Dataset items -
....................
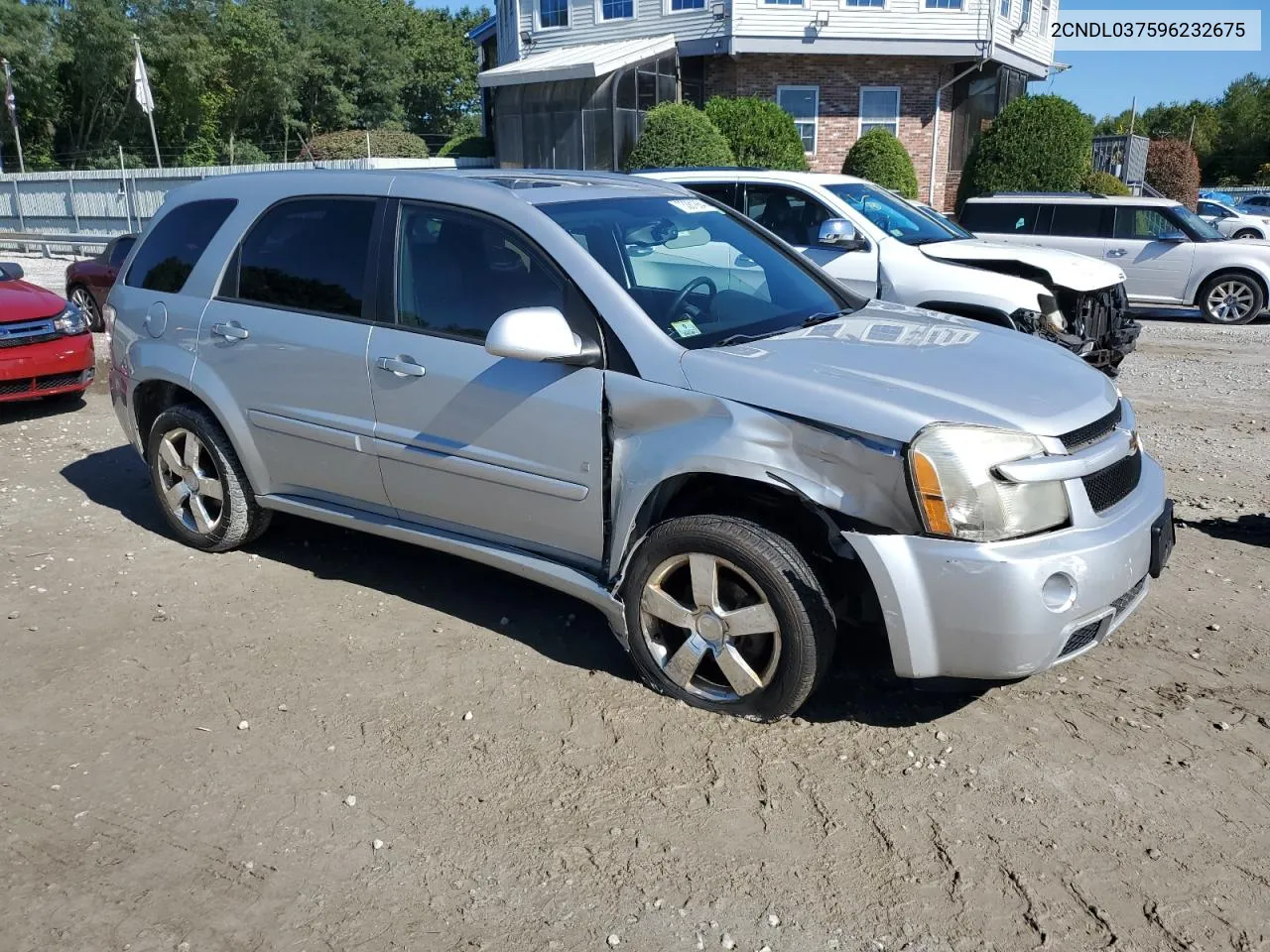 2CNDL037596232675 2009 Chevrolet Equinox Sport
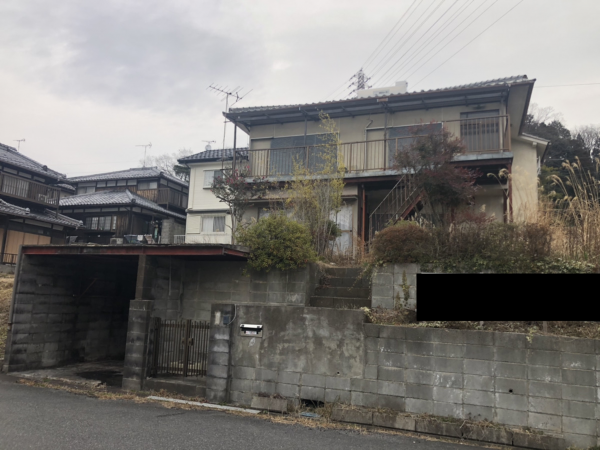 甲賀市水口町下山、中古一戸建ての画像です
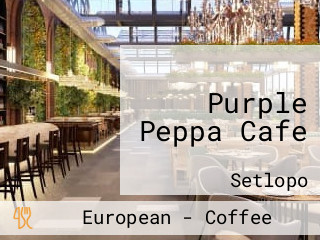 Purple Peppa Cafe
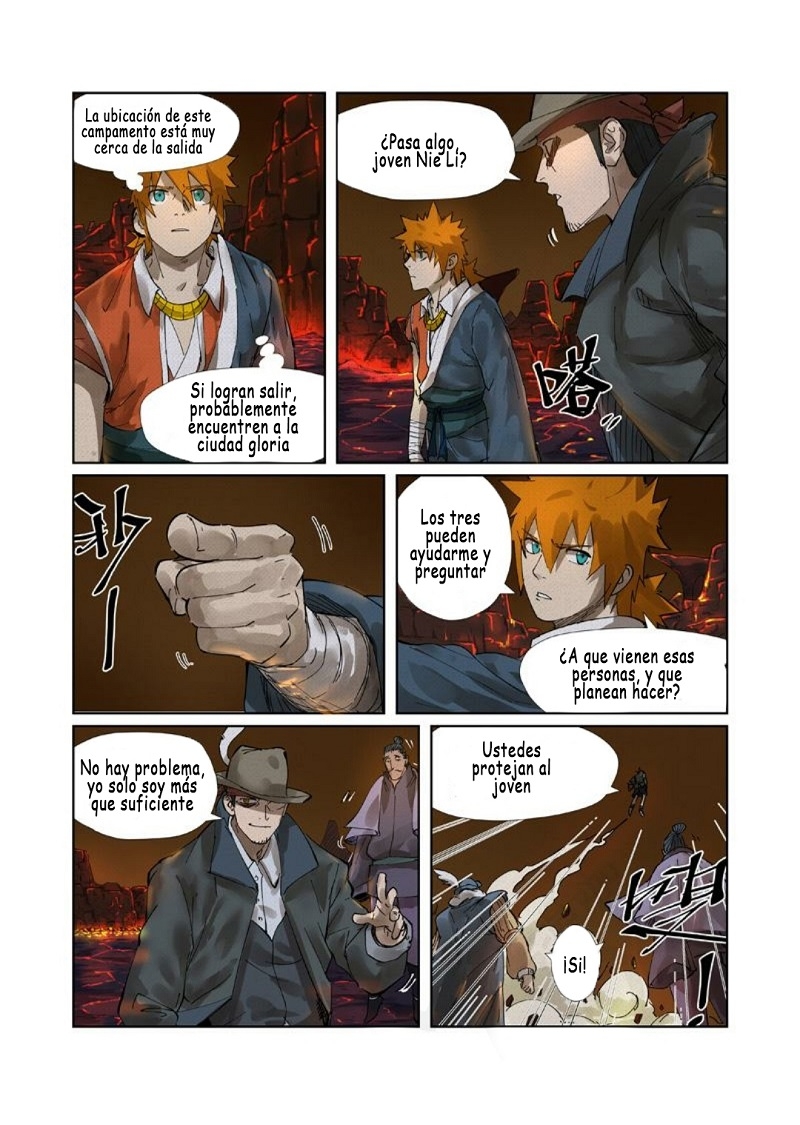 Read Tales of Demons and Gods ES Manga Online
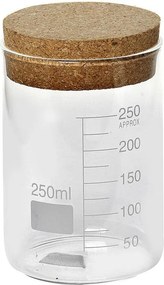 ΔΟΧΕΙΟ ΔΟΣΟΜΕΤΡ. ΜΕ ΦΕΛΛΟ 250ML 11ΕΚ (smC)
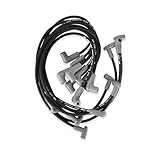 MSD 31293 Super Conductor Spark Plug Wire Set Black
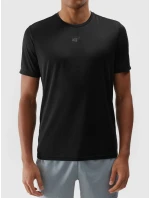 Pánske športové tričko 4F - čierne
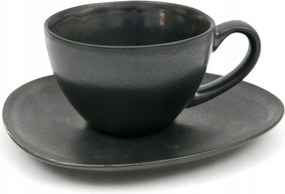 Kávészerviz Grafit 250ml 12el 6 Személyes Fekete Kávé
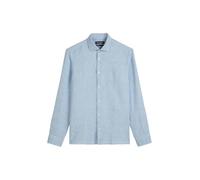 MARC O'POLO Leinenhemd Regular Fit blau | XXL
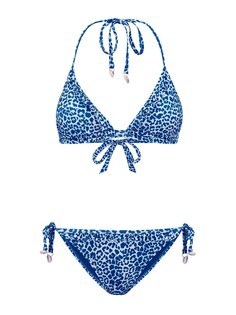 Треугольное бикини Shiwi LIZ, морской синий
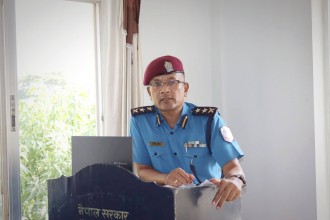 असोजको ‘वेष्ट पुलिस अफ द मन्थ’ दाङका एसपी श्रेष्ठलाई 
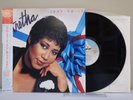 Aretha Franklin Jump To It ARISTA 25RS 170 Vinyl LP Record OBI M4098B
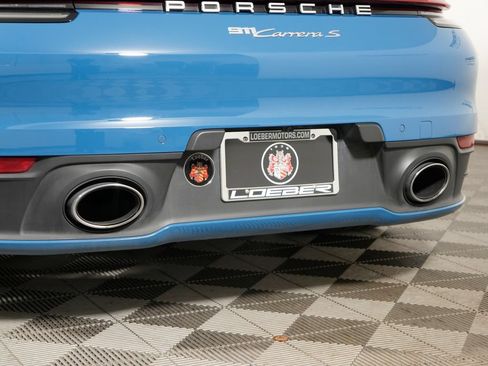 Certified 2022 Porsche 911 Carrera S RWD image 15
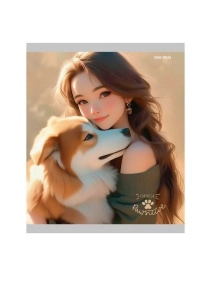 Тетрадь КЛЕТКА 48л. СТАНДАРТ цветная мелов. обл., мат ламин, в асс-те ПХ, Т48-7375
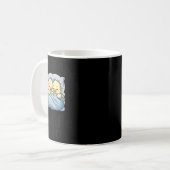 Mug Couple de canards mignons C'est notre câlin (Devant gauche)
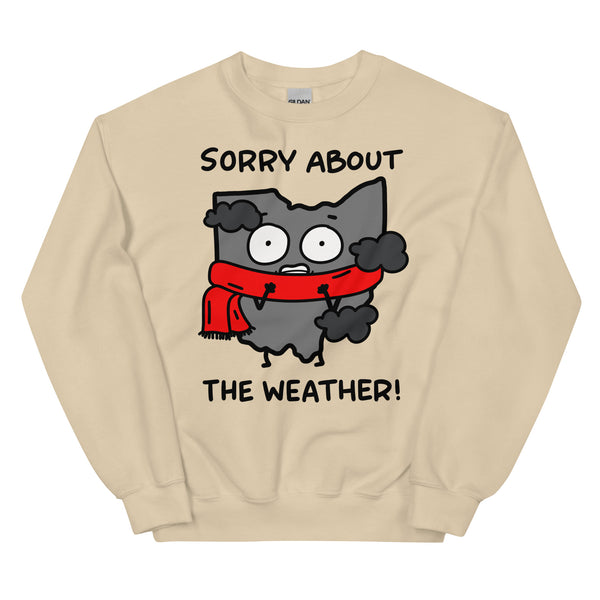 Funny Ohio sweatshirt for I'm freezing shirt I'm cold sweater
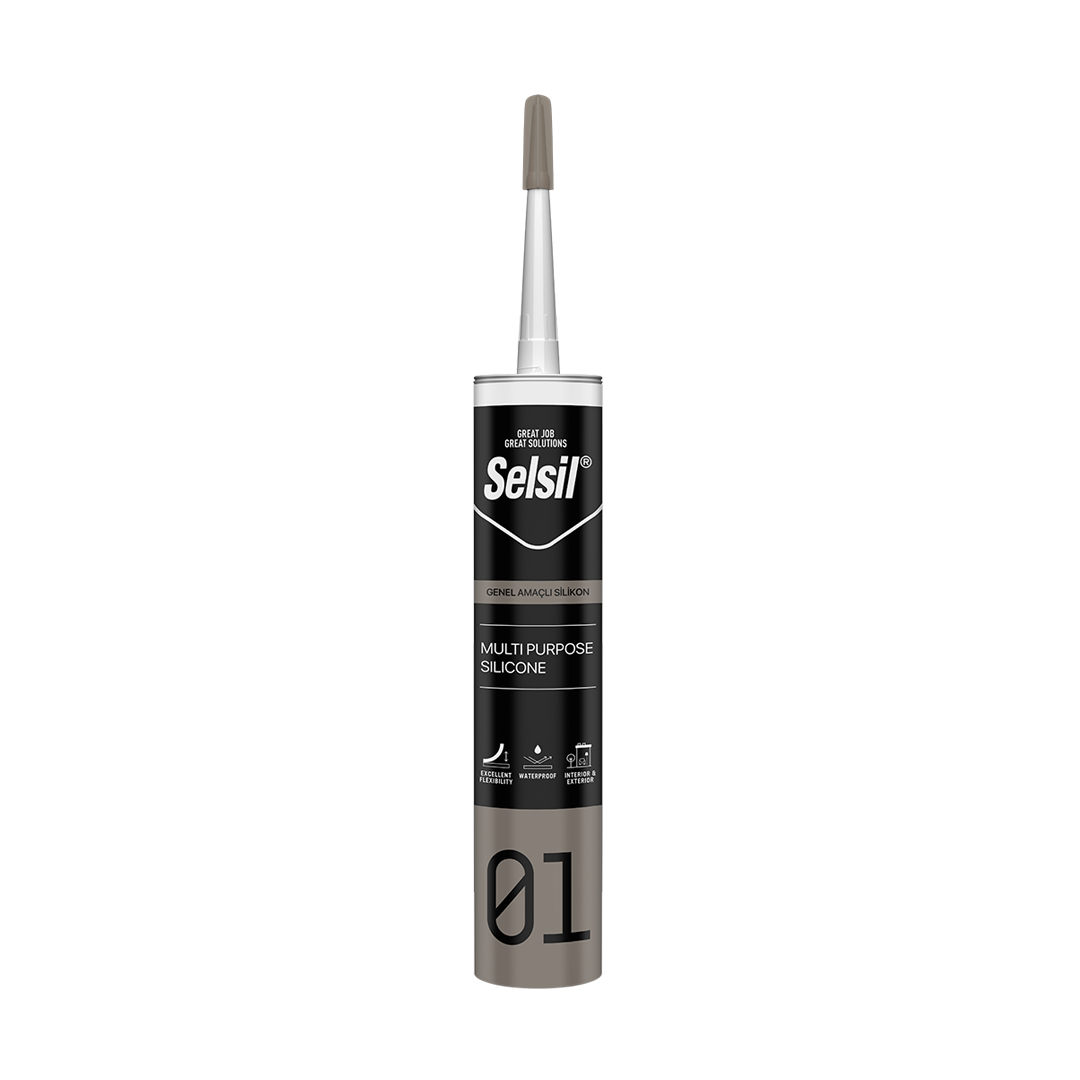 Selsil Genel Amaçlı Silikon 280 gr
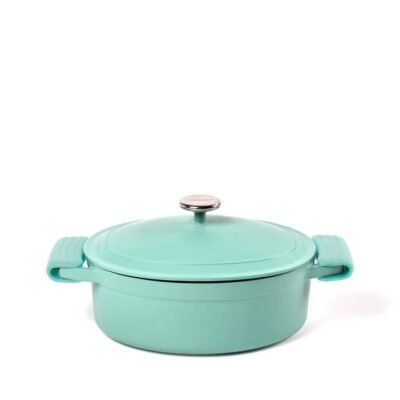 Salt & Pepper Gourmet Oval Diecast Casserole Dish 33.5 x 27cm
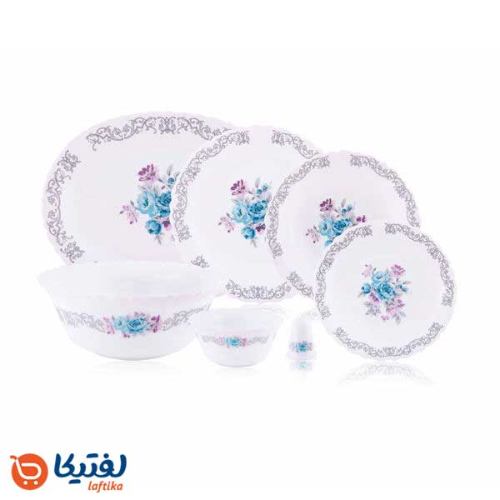 خرید-سرویس-28-پارچه-پارس-اوپال-مدل-نلی-آبی-کد-180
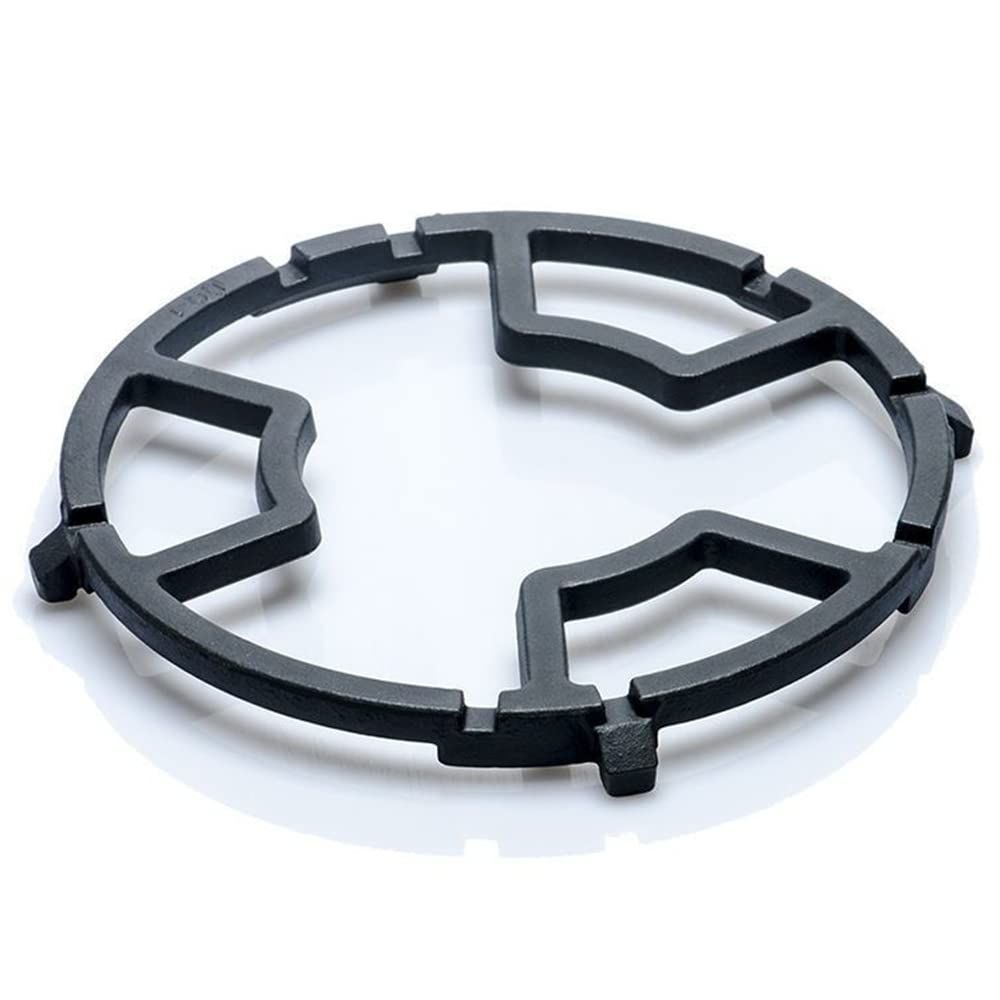 Cast Iron Ring, Universal Black Cast Iron Support Ring, Stand for Gas Stove — image 1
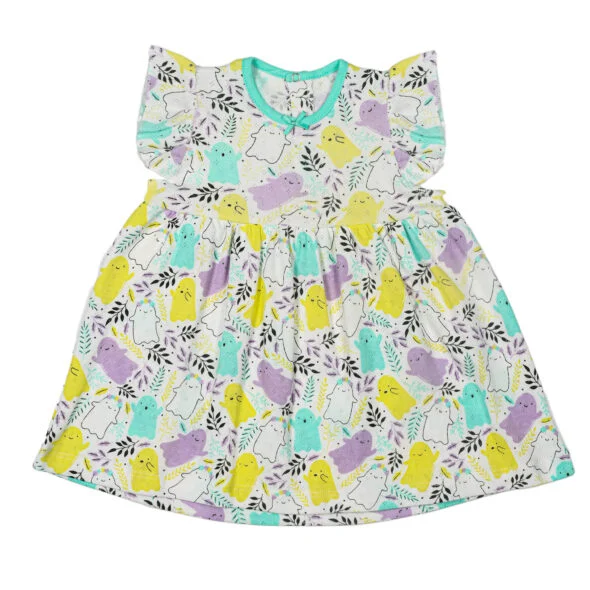 Jacquard Bodysuit Dress for kids - Adomeez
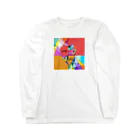 szyshopの幾多もの境界線の狭間で、 揺れ動くココロ Long Sleeve T-Shirt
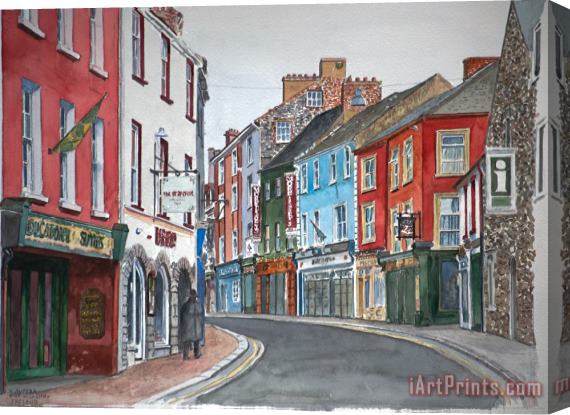 Anthony Butera Kilkenny Ireland Stretched Canvas Painting / Canvas Art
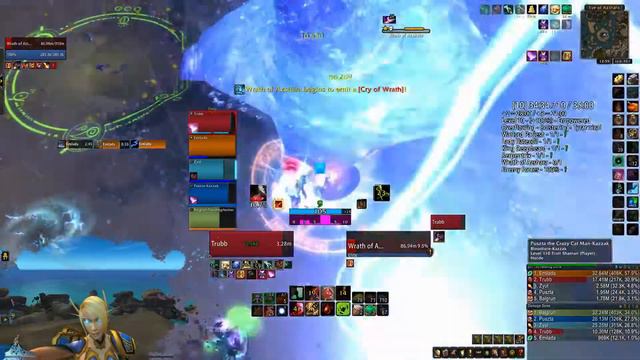 Eye of Azshara - Level 10 - Last boss смотреть онлайн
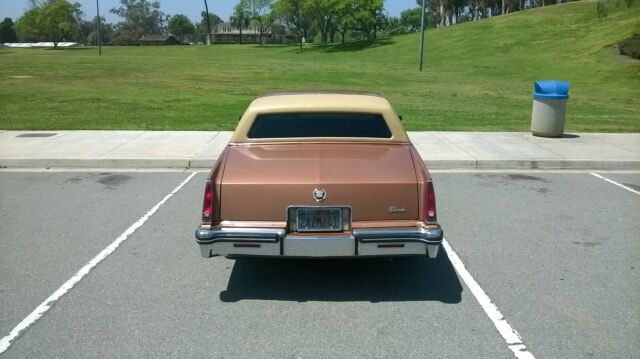 1984 cadillac eldorado - $4,995 (bonita, ca. 91902)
....................
EXERCISE INSTRUCTIONS -
Your answer must be the records above, word for word, with every picture left out.

TASK ANSWER -
 2CNDL037596232675 2009 Chevrolet Equinox Sport
 甲賀市水口町下山、中古一戸建ての画像です
 Purple Peppa Cafe
 Read Tales of Demons and Gods ES Manga Online
 ΔΟΧΕΙΟ ΔΟΣΟΜΕΤΡ. ΜΕ ΦΕΛΛΟ 250ML 11ΕΚ (smC)
 MSD 31293 Super Conductor Spark Plug Wire Set Black
 Pánske športové tričko 4F - čierne
 Kávészerviz Grafit 250ml 12el 6 Személyes Fekete Kávé
 MARC O'POLO Leinenhemd Regular Fit blau | XXL
 Треугольное бикини Shiwi LIZ, морской синий
 असोजको ‘वेष्ट पुलिस अफ द मन्थ’ दाङका एसपी श्रेष्ठलाई 
 Aretha Franklin Jump To It ARISTA 25RS 170 Vinyl LP Record OBI M4098B
 Certified 2022 Porsche 911 Carrera S RWD image 15
 Тетрадь КЛЕТКА 48л. СТАНДАРТ цветная мелов. обл., мат ламин, в асс-те ПХ, Т48-7375
 Mug Couple de canards mignons C'est notre câlin (Devant gauche)
 Funny Ohio sweatshirt for I'm freezing shirt I'm cold sweater
 Selsil Genel Amaçlı Silikon 280 gr
 Salt & Pepper Gourmet Oval Diecast Casserole Dish 33.5 x 27cm
 خرید-سرویس-28-پارچه-پارس-اوپال-مدل-نلی-آبی-کد-180
 Cast Iron Ring, Universal Black Cast Iron Support Ring, Stand for Gas Stove — image 1
 Jacquard Bodysuit Dress for kids - Adomeez
 szyshopの幾多もの境界線の狭間で、 揺れ動くココロ Long Sleeve T-Shirt
 Anthony Butera Kilkenny Ireland Stretched Canvas Painting / Canvas Art
 Eye of Azshara - Level 10 - Last boss смотреть онлайн
 1984 cadillac eldorado - $4,995 (bonita, ca. 91902)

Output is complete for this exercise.